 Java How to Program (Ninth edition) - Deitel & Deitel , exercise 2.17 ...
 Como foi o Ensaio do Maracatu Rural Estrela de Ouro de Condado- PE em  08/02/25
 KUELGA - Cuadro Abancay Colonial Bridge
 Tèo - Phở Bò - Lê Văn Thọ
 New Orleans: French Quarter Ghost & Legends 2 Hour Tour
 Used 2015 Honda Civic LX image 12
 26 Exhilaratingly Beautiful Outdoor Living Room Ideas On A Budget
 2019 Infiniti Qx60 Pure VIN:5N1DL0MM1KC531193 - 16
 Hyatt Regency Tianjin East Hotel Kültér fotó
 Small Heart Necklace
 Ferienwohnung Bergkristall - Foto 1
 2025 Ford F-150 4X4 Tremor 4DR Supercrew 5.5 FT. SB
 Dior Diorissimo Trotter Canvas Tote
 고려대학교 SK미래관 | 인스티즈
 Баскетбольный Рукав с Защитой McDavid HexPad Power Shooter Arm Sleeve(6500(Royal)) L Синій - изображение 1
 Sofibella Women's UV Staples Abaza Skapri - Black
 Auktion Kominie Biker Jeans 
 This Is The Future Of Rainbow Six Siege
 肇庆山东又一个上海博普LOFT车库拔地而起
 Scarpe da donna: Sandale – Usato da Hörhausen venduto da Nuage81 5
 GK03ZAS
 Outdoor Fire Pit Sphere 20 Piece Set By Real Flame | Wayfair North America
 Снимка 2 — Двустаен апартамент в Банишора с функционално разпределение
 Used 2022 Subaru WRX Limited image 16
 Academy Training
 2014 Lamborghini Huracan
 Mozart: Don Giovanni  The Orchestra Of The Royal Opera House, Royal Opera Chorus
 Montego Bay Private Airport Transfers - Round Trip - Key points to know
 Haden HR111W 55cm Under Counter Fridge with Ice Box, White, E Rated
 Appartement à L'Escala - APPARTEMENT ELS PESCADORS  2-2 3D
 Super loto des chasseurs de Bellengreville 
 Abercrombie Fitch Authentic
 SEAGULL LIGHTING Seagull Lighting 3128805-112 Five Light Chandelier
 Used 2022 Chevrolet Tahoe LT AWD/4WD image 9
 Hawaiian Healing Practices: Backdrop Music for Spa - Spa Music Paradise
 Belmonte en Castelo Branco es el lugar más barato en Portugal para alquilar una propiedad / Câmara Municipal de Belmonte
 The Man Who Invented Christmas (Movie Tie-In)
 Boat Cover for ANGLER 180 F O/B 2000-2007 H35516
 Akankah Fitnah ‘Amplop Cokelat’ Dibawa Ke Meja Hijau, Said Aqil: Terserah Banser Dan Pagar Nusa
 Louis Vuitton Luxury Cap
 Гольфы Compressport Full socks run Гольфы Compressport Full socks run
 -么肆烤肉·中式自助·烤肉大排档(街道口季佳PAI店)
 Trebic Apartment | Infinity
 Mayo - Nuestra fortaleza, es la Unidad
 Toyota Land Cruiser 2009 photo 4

• **What to do**:
What you return must be an exact retyping of the lines above starting at the line with "Снимка 2 — Двустаен" and ending at the line with "Boat Cover for", and nothing besides.

• **Your response**:
 Снимка 2 — Двустаен апартамент в Банишора с функционално разпределение
 Used 2022 Subaru WRX Limited image 16
 Academy Training
 2014 Lamborghini Huracan
 Mozart: Don Giovanni  The Orchestra Of The Royal Opera House, Royal Opera Chorus
 Montego Bay Private Airport Transfers - Round Trip - Key points to know
 Haden HR111W 55cm Under Counter Fridge with Ice Box, White, E Rated
 Appartement à L'Escala - APPARTEMENT ELS PESCADORS  2-2 3D
 Super loto des chasseurs de Bellengreville 
 Abercrombie Fitch Authentic
 SEAGULL LIGHTING Seagull Lighting 3128805-112 Five Light Chandelier
 Used 2022 Chevrolet Tahoe LT AWD/4WD image 9
 Hawaiian Healing Practices: Backdrop Music for Spa - Spa Music Paradise
 Belmonte en Castelo Branco es el lugar más barato en Portugal para alquilar una propiedad / Câmara Municipal de Belmonte
 The Man Who Invented Christmas (Movie Tie-In)
 Boat Cover for ANGLER 180 F O/B 2000-2007 H35516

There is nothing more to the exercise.